When Tragedy strikes, how you do mark the occasion? My brother’s son was an Eagle Scout and one of the most popular kids in high class. Now, he’s gone.
Do you have a ritual that you use to memorialize such occasions? I’m not listening to music for a few days, because I don’t want a song to spark a horrific memory. But, I’m going to have a cigar in Harry’s memory on Thursday following his memorial service. Then, when I have that particular brand of cigar again in the future, I’ll use that to remember Harry and what a great kid he was.
R.I.P. Harry Schenck.
More. Forgive me, gang, for this personal use of this space, but this is the most tragic thing I've ever endured. We're a very close family, and this is just more than you can imagine.
I'll be back to my usual "ass" self soon -- I won't let you down. :-)
How horrible. I'm sorry for your loss, Don.
The cigar idea is appropriate. Whenever I see the Little Rascals, I think of my cousin Jimmy, who used to call me Spanky. Whenever I have a Nutty Buddy cone, I think of my grandmother, who used to buy me one from the corner deli on the way back from school. It goes on like that, life's a bittersweet thing, ya know?
Toby, that's cool.
I'm fascinated by the linkage between events and our senses. You hear a certain song and bam, you're back in 8th grade.
Thanks, p8.
Im very sorry Don. Ive heard the hardest thing to endure is the loss of your own child. I imagine it to be painful beyond endurance. I think the best thing you can do for yourself is to be there unconditionally for your brother and his wife. They will be needing all the support they can get and I found that it helps me with my own pain to be there for others in times like this.
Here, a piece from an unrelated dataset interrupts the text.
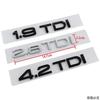 ABS Car Stickers Badge Emblem Tail Decal Styling for Q1 1.9TDI 2.8TDI 4.2TDI Letter A4 A6 A7 A8 S3 S4 S5 S6 Q3 Q5 RS4 Quattro ER3 CFA1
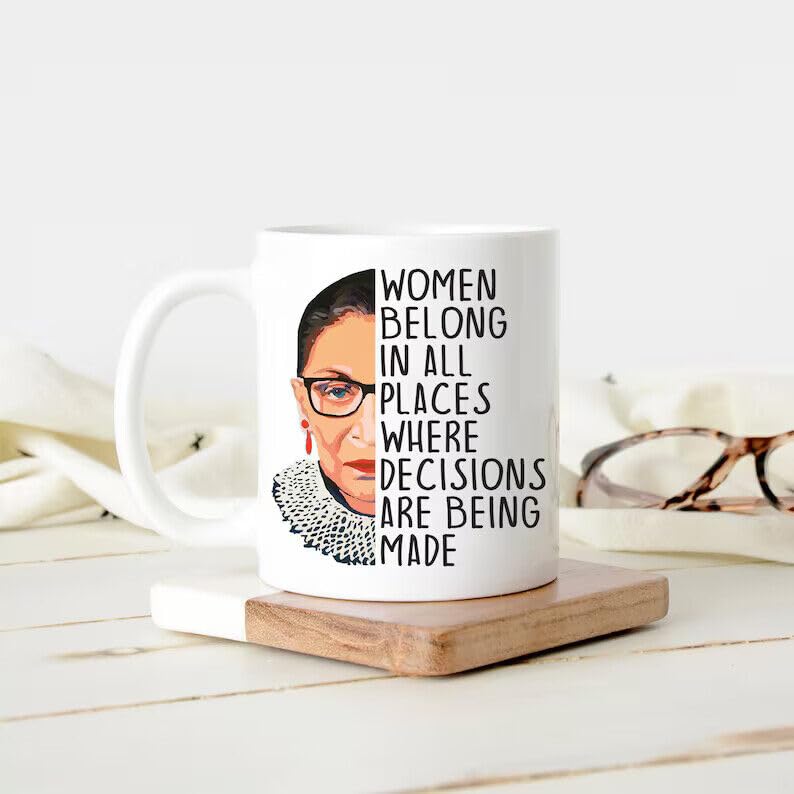 uniqx Ruth Bader Ginsburg Mug, RBG Mug, Ruth Bader Ginsburg, Ruth Bader Ginsburg Printed Coffee and Tea Ceramic Mug- 320 ML Ceramic Coffee Mug 6964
Sorry to hear about your family's loss, Don. How terrible.
As for how to memorialize and mark the memory of your nephew, these things seem to have a way of finding their own answers. Whatever small thing you end up deciding to do - such as having that cigar - will end up developing its own signficiance and emotional impact.
I think the important thing to do when deciding to remember and honor someone is to do something enjoyable. I know that when I go, I'd want people to remember me by doing something they enjoy. What a better memorial than to have your memory sparked by partaking in something that the person likes doing?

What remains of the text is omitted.